▸ GOAL OF THE EXERCISE: Of the lines below, write out exactly those from the line with "Minimalist rocket icon" through the line with "Cartão de memória", both included, and skip the rest.

▸ GIVEN RECORDS:
++++++

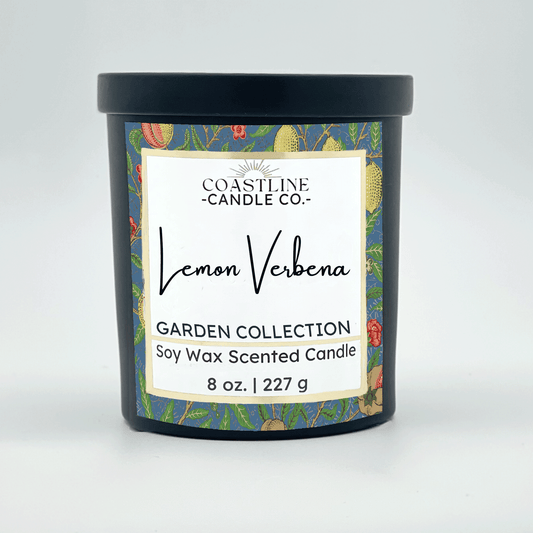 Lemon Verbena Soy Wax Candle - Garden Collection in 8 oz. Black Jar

++++++

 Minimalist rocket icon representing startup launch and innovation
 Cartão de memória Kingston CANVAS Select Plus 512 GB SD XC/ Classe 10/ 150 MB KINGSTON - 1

++++++

▸ TASK RESPONSE:
 Minimalist rocket icon representing startup launch and innovation
 Cartão de memória Kingston CANVAS Select Plus 512 GB SD XC/ Classe 10/ 150 MB KINGSTON - 1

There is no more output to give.